Facebook Ignores Brazil Election Misinformation Ads

7 mins read

According to a recent analysis from Global Witness, Facebook continued a habit of failing to discover content that violates its standards, which the organization calls “alarming,” by failing to detect blatant election-related disinformation in advertising prior to Brazil’s 2022 election.

The advertising promoted the inaccurate election date, used the wrong voting procedures, and cast doubt on the fairness of the vote, including Brazil’s electronic voting system, according to The Associated Press, which obtained the advertisements.

The London-based group has tested Meta’s capacity to identify flagrant breaches of the policies governing its most popular social media platform four times, and each time Facebook has failed the test. In the three previous cases, Facebook’s controls—either human reviewers or artificial intelligence—were tested to determine if they would capture advertising that contained violent hate speech. No, they didn’t.
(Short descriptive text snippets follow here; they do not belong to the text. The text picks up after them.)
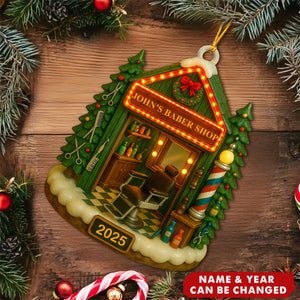 Celebrate Your Favorite Barber With A Barber Shop Design - Personalized Wooden Ornament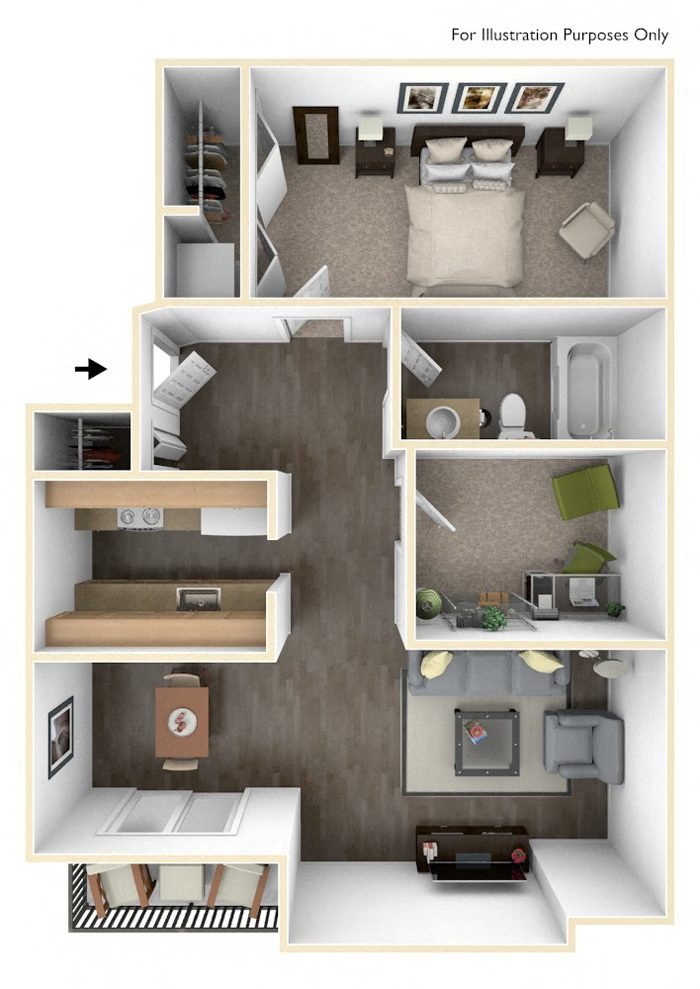 Revere Ridge Apartments_Spokane Valley WA_Floor Plan_One Bedroom One Bathroom D
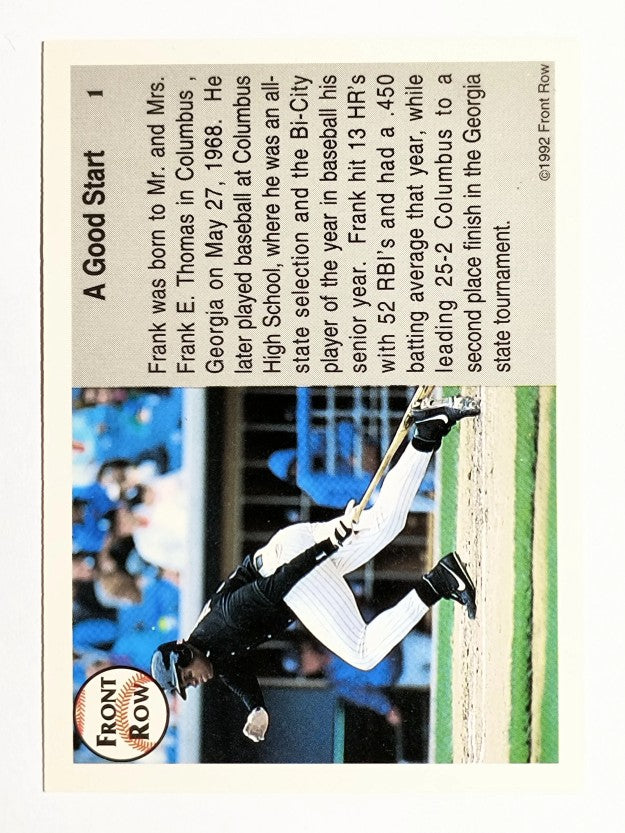 1992 Front Row Thomas #1 Frank Thomas/A Good Start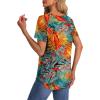 imageOFEEFAN Womens T Shirts V Neck Short Sleeve Casual Tops Loose Fit Basic Tees with Curved HemZfloral Leaf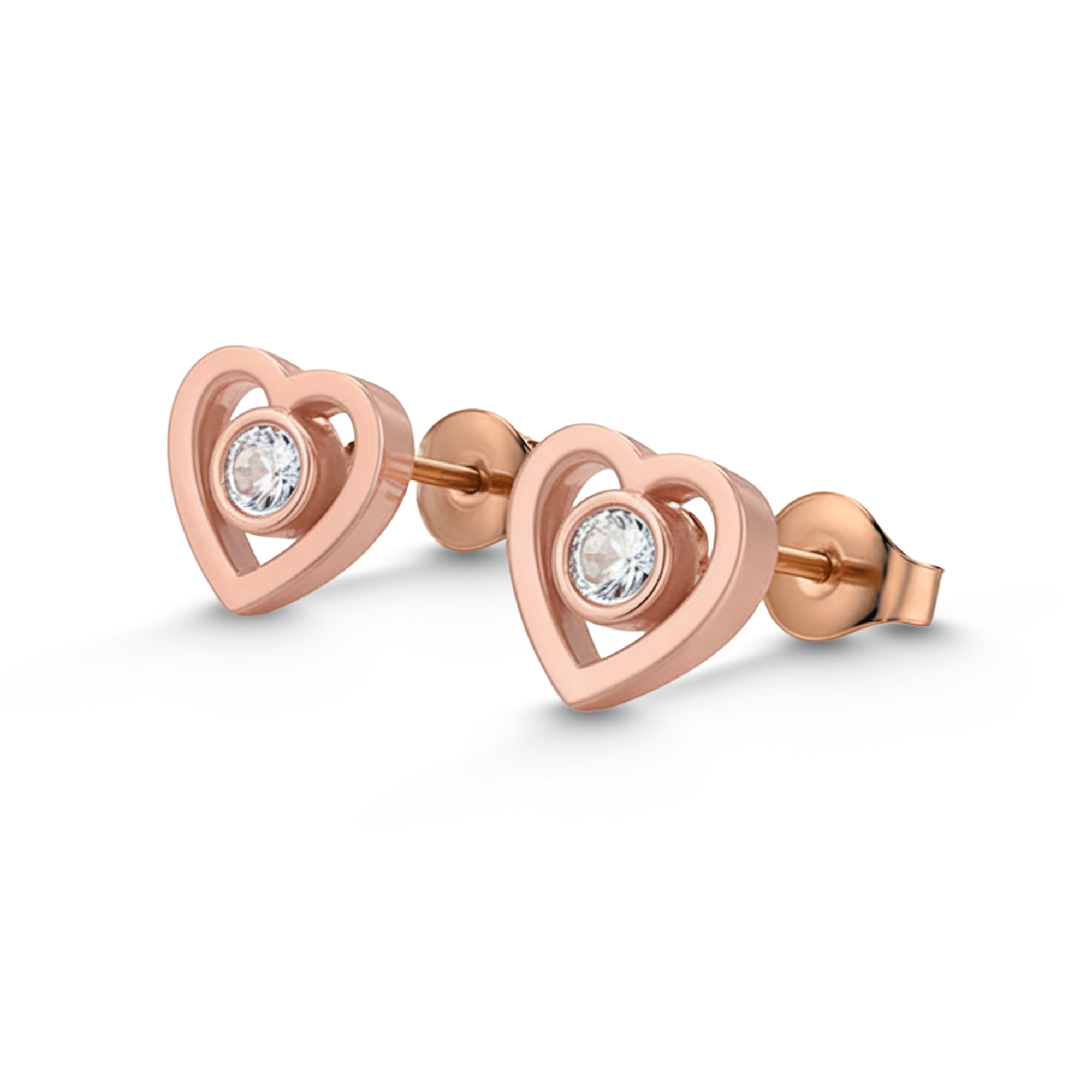 Pendientes de diamantes en forma de corazón en oro rosa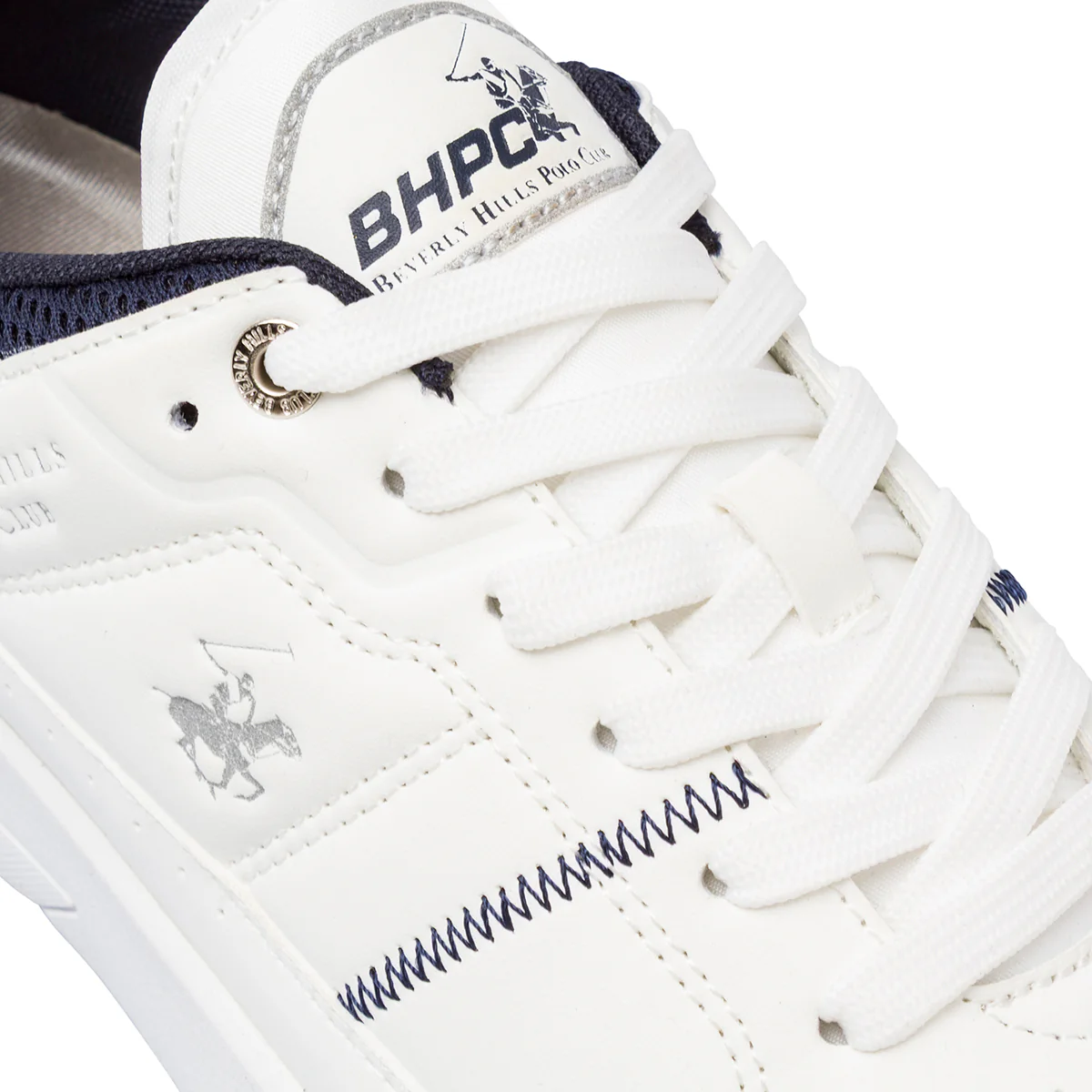 Sneakers bianche da Uomo con inserti blu Beverly Hills Polo Club - Image 5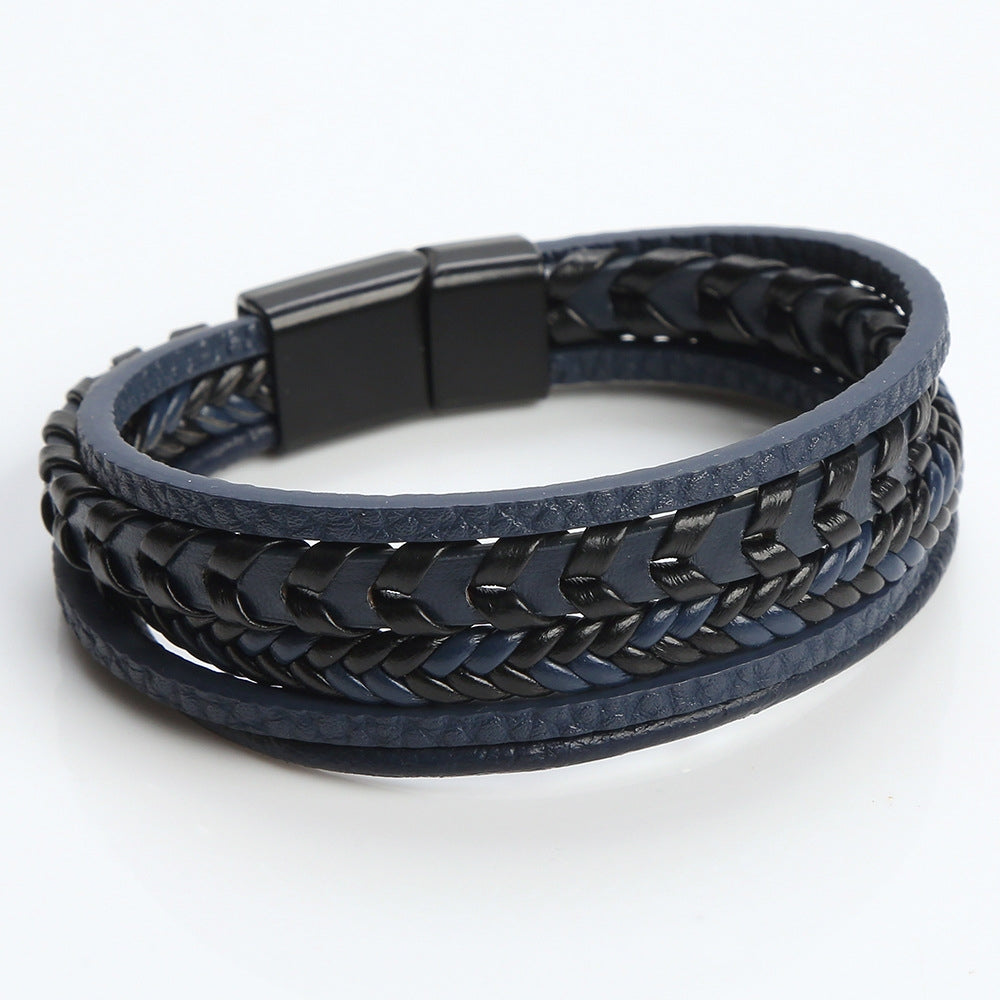 Hip-Hop Braided PU Leather Alloy Magnetic Clasp Men's Bracelet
“Facebook has identified Brazil as one of its priority countries where it’s investing special resources specifically to tackle election-related disinformation,” said Jon Lloyd, senior advisor at Global Witness. “So we wanted to really test out their systems with enough time for them to act. And with the US midterms around the corner, Meta simply has to get this right — and right now.”

On October 2, Brazil will hold its national elections amidst high levels of unrest and misinformation that threatens to undermine the electoral process. The most widely used social media network in the nation is Facebook. In a statement, Meta claimed to have “exhaustively prepared for the Brazilian election in 2022.”

“We’ve launched tools that promote reliable information and label election-related posts, established a direct channel for the Superior Electoral Court (Brazil’s electoral authority) to send us potentially-harmful content for review, and continue closely collaborating with Brazilian authorities and researchers,” the company said.

In 2020 Facebook began requiring advertisers who wish to run ads about elections or politics to complete an authorization process and include “paid for by” disclaimers on them, similar to what it does in the US The increased safeguards follow the 2016 US presidential elections, when Russia used rubles to pay for political ads designed to stoke divisions and unrest among Americans.

When it filed the test advertising, according to Global Witness, it violated these guidelines (which were approved for publication but were never actually published). The fact that the organization posted the advertisements from Nairobi and London rather than from Brazil should have rung alarm bells.

Additionally, the advertisements were not obliged to include a “paid for by” disclaimer and were not paid for using a Brazilian payment method, both measures that Facebook claims it has in place to stop malevolent actors from abusing its platform to meddle in elections throughout the world.

“What’s quite clear from the results of this investigation and others is that their content moderation capabilities and the integrity systems that they deploy in order to mitigate some of the risk during election periods, it’s just not working,” Lloyd said.

The group is using ads as a test and not regular posts because Meta claims to hold advertisements to an “even stricter” standard than regular, unpaid posts, according to its help center page for paid advertisements.

But judging from the four investigations, Lloyd said that’s not actually clear.

“We we are constantly having to take Facebook at their word. And without a verified independent third party audit, we just can’t hold Meta or any other tech company accountable for what they say they’re doing,” he said.

Global Witness submitted ten ads to Meta that obviously violated its policies around election-related advertising. They included false information about when and where to vote, for instance and called into question the integrity of Brazil’s voting machines — echoing disinformation used by malicious actors to destabilize democracies around the world.

In another study carried out by the Federal University of Rio de Janeiro, researchers identified more than two dozen ads on Facebook and Instagram, for the month of July, that promoted misleading information or attacked the country’s electronic voting machines.

The university’s internet and social media department, NetLab, which also participated in the Global Witness study, found that many of those had been financed by candidates running for a seat at a federal or state legislature.

This will be Brazil’s first election since far-right President Jair Bolsonaro, who is seeking reelection, came to power. Bolsonaro has repeatedly attacked the integrity of the country’s electronic voting system.

“Disinformation featured heavily in its 2018 election, and this year’s election is already marred by reports of widespread disinformation, spread from the very top: Bolsonaro is already seeding doubt about the legitimacy of the election result, leading to fears of a United States-inspired January 6 ‘stop the steal’ style coup attempt,” Global Witness said.

In its earlier investigations, the group discovered that Facebook failed to stop hate speech in Myanmar, where ads used a slur to refer to people of East Indian or Muslim descent and called for their deaths; in Ethiopia, where the ads used dehumanizing hate speech to call for the murder of people belonging to each of Ethiopia’s three main ethnic groups; and in Kenya, where the ads discussed beheadings, rape, and bloodshed.